If you had placed a normal stop loss order on your position, your losses would have been far greater as you would only have been closed out at the next available price which was 6800.

(7000 – 6800) x2 = $400 total loss

CI_GSLO_wall_street_example_AUS_new 

How does this benefit my trading?

Our new GSLOs are a cost-effective way of managing your trading risk, giving you added peace of mind during times of volatility. You can attach a GSLO to a position in the knowledge that you will only pay a premium should the stop be triggered, saving you money.

Our expanded GSLO offering now also covers more markets than ever before including major equities, indices, forex (FX) and commodities. If you already have an open position, you can add a new GSLO via the deal ticket on the trading platform and will still only pay a premium if your stop is triggered.

GSLOs are most useful:

  • If you're trading in volatile markets
  • If you don't want to risk more than your initial deposit
  • If the market is prone to gapping (remember, markets can gap both ways)

How does using a (GSLO) fit into my trading plan?

Risk management is a crucial part of any trading strategy, especially if you are new to trading. Trading the financial markets is like running a business and ensuring you have the right protection against losses is fundamental to ensuring you don’t lose too much too quickly.

GSLOs are particularly beneficial in volatile markets or at times of extreme volatility where there is a risk of the markets gapping. They can also help ensure that you don’t risk more than your initial deposit by capping any potential loss at a risk level set by you.

How much does a GSLO cost?

The cost of your GSLO – called your guaranteed order premium – is based on the size of the position you wish to cover. You will only pay a premium if your GSLO is triggered and this will appear on your next statement as a separate charge.
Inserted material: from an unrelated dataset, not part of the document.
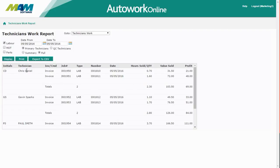This will be broken down by technician and you'll be able to see the total number of hours sold, the value and the profit for that particular job. Again this report can be printed or exported to a CSV file.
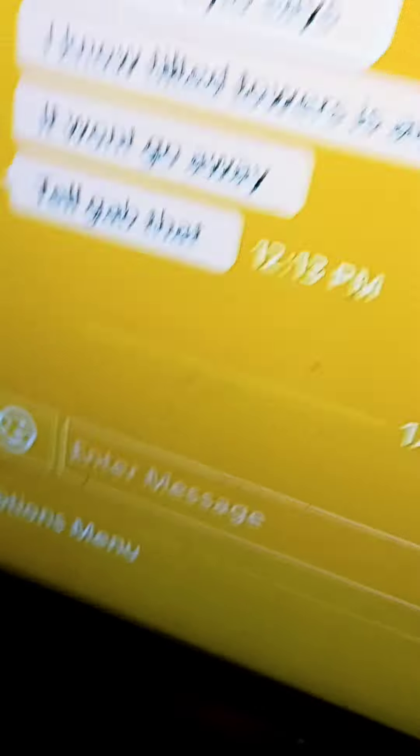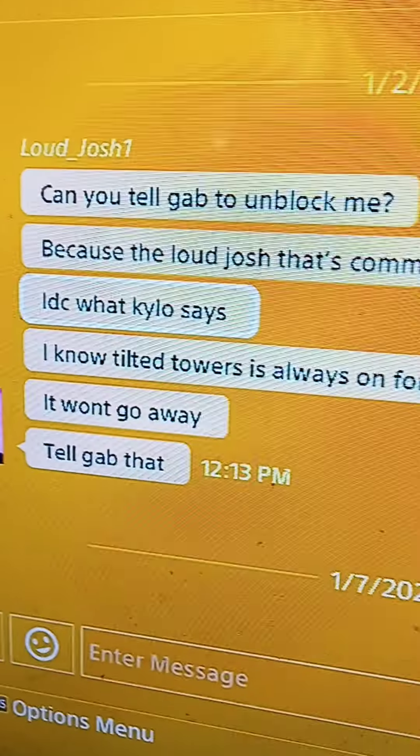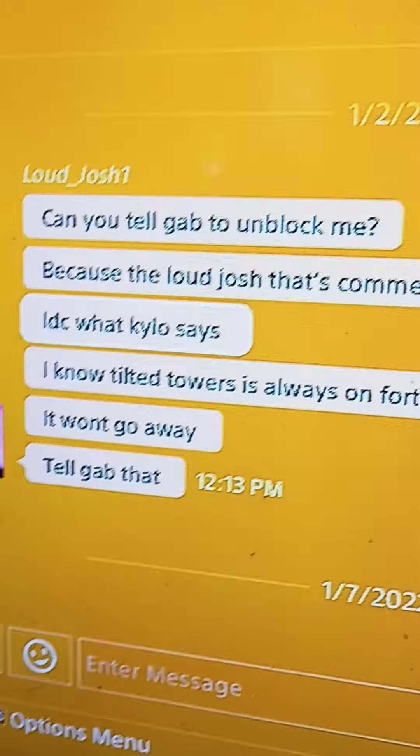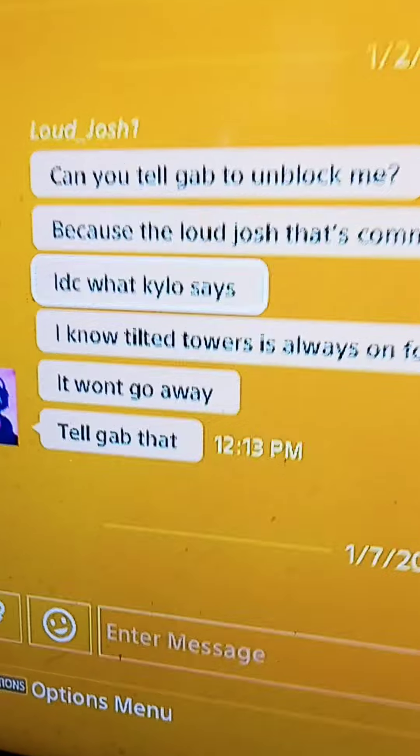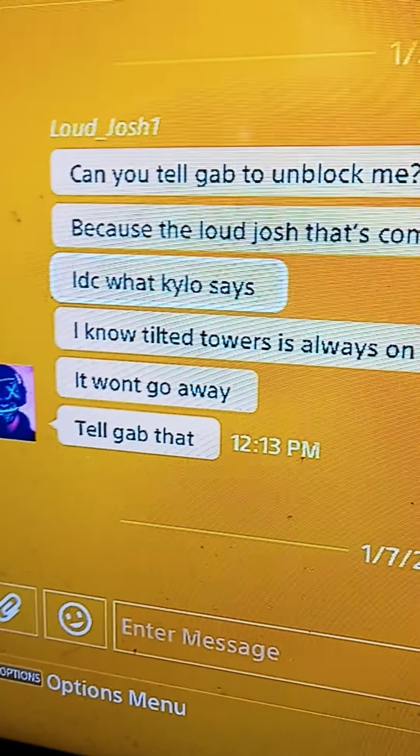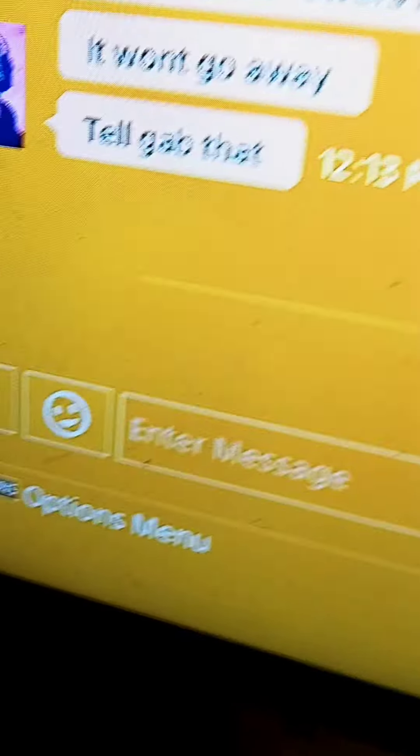And yeah, it's not really a drama video. So anyways, I'm going to get started talking right now. So Loud Josh, I hope you're watching this. Of course, this video is being made when you're at school, but I want to make it anyways. So what I noticed is that I've been looking at your PlayStation messages. I'm going to show them right now and let's see what you said. You said, can you tell Gap to unblock me?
The charge or premium you pay is calculated differently for different markets either as:

Number of points x quantity of your position (For example on indices such as the Australia 200 or Germany 40)

OR

Percentage x notional trade value (For example on equities such as Commonwealth Bank of Australia (CBA)

As a guide, charges for the following popular markets are currently:

  • Australia 200 CFD: 1 x quantity of CFDs charged in base currency
  • CBA share CFD = 0.5% of notional trade value

How do I place a GSLO?

To place a GSLO on any financial market, open the deal ticket on the trading platform and select the direction of the trade you would like to place, either Buy or Sell. Next, enter the quantity of your order; you can do this by entering a figure manually or by selecting a pre-determined quantity using the drop-down menu option.

To place your GSLO, open the Stop & Limits tab and select the ‘stop’ checkbox, then fill in the price and quantity to determine the level at which your position will close out. Remember to tick the ‘guaranteed’ checkbox.

Further options in the deal ticket allow you to add a trailing stop and a limit order on your trade. Once you have filled in all the information for your stop, click the place trade button and your position will be opened with a GSLO attached.

Can I change my GSLO after making a trade?

Yes, you can change the level of a GSLO after placing a trade by opening your position and amending the price or quantity at which your guaranteed stop will be triggered. You will not be charged for amending a GSLO on an open trade. There are limits on how close a GSLO can be placed to the current market mid for each instrument.

Can I add a GSLO to an existing position?

If you have a current position that you would like to add a GSLO to, follow these steps:

  1. Visit the open position tab on the trading platform
  2. Open your trade and select the Stop & Limits section within the deal ticket
  3. Select the price and quantity at which you would like your Guaranteed Stop to be triggered
  4. Select the ‘stop’ checkbox to switch to a GSLO

There is no additional charge for adding a GSLO to an open trade. Note: The market will need to be open for you to add a GSLO.

Can I cancel a GSLO?

Yes, you can cancel any guaranteed stop loss order on your account at any time, free of charge.